A. pGFP10 .1.This is the original GFP plasmid. People using it should not cut out a restriction fragment containing the entire coding sequence. There appears to be something upstream of the coding region that poisons expression. Instead PCR should be used to obtain the sequence.

B. Worm vectors. The modified Fire vectors described in the previous Newsletter contribution lack the Kpn I fragment with the SV40 nuclear localization signal. We are in the process of making vectors containing this fragment, but they are not ready yet.

II. Photobleachinq

A. Effect of Anesthetics. we had originally found that GFP expressed in C. elegans photobleached rapidly when illuminated with light using a 395-440 nm excitation filter (photobleaching with the 450-490 nm excitation filter normally used for FITC was not as rapid). We have now found that the very rapid photobleaching resulted from the use of sodium azide as an anesthetic. The fluorescence is much more long-lived without the azide. Unfortunately, in preliminary experiments phenoxypropanol seemed to eliminate the fluorescence entirely. We have not tried CO(2) as an anesthetic. This fact that azide causes photobleaching may be a useful tool.

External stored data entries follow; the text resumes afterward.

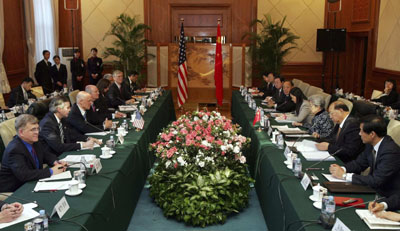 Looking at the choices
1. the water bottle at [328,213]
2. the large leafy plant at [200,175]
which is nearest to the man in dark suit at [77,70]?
the large leafy plant at [200,175]

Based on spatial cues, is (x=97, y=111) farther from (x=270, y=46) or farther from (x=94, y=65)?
(x=270, y=46)

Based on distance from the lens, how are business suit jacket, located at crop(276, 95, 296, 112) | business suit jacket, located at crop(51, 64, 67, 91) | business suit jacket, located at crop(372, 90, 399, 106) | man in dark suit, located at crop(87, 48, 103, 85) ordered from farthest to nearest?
man in dark suit, located at crop(87, 48, 103, 85)
business suit jacket, located at crop(51, 64, 67, 91)
business suit jacket, located at crop(372, 90, 399, 106)
business suit jacket, located at crop(276, 95, 296, 112)

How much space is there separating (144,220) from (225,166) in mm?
994

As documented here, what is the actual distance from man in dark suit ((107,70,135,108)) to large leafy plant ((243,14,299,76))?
4445 millimetres

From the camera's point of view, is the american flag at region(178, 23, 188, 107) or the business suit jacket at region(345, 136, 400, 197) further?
the american flag at region(178, 23, 188, 107)

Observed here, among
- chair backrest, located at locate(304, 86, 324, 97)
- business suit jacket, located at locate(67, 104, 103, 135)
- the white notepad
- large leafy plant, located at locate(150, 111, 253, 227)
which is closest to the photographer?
the white notepad

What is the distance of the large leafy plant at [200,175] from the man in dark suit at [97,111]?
Answer: 135cm

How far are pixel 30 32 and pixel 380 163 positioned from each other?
859cm

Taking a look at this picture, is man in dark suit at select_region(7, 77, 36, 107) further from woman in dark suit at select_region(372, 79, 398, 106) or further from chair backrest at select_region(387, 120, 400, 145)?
woman in dark suit at select_region(372, 79, 398, 106)

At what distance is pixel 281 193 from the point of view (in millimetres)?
3092

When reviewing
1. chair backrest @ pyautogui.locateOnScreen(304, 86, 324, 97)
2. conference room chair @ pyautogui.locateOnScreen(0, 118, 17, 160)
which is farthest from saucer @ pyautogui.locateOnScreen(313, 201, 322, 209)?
chair backrest @ pyautogui.locateOnScreen(304, 86, 324, 97)

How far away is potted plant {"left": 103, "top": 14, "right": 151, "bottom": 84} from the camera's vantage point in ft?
35.0

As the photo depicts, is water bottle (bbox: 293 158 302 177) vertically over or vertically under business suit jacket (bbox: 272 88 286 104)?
under

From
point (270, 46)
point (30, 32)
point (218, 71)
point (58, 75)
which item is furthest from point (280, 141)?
point (30, 32) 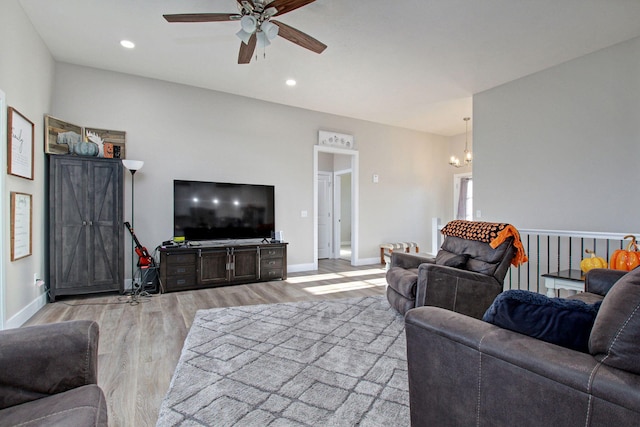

B. Low Wavelength Excitation. We obtained an interesting result when animals were illuminated with 340-390 nm light (the excitation from the standard DAPI filter set). The green fluorescence rapidly disappeared, but when the animals were subsequently examined with light of the two higher wavelengths (see IIA), the green fluorescence remained. Similarly if the animals were first viewed for a few minutes with light of the higher wavelengths (and showed fluorescing cells) and then examined with the DAPI filter set, no fluorescence was seen. This suggests that there may be two molecular species produced in the animals. Interestingly, the fluorescence at the higher wavelengths seems to be stronger after the 340-390 nm excitation or just a minute or so of excitation at the higher wavelengths.

III. Fixation. As other people begin to use GFP, we are learning some interesting things about its properties. One of these was discovered by Shengxian Wang and Tulle Hazelrigg using GFP in Drosophila. They found GFP fluorescence survives formaldehyde fixation (subsequently I learned that there were unpublished results demonstrating that the native protein from jellyfish could also fluoresce after formaldehyde and glutaraldehyde fixation). I have confirmed that formaldehyde fixation does not abolish GFP fluorescence in C. elegans using the uIs4 animals. So fixed as well as living tissues can be examined.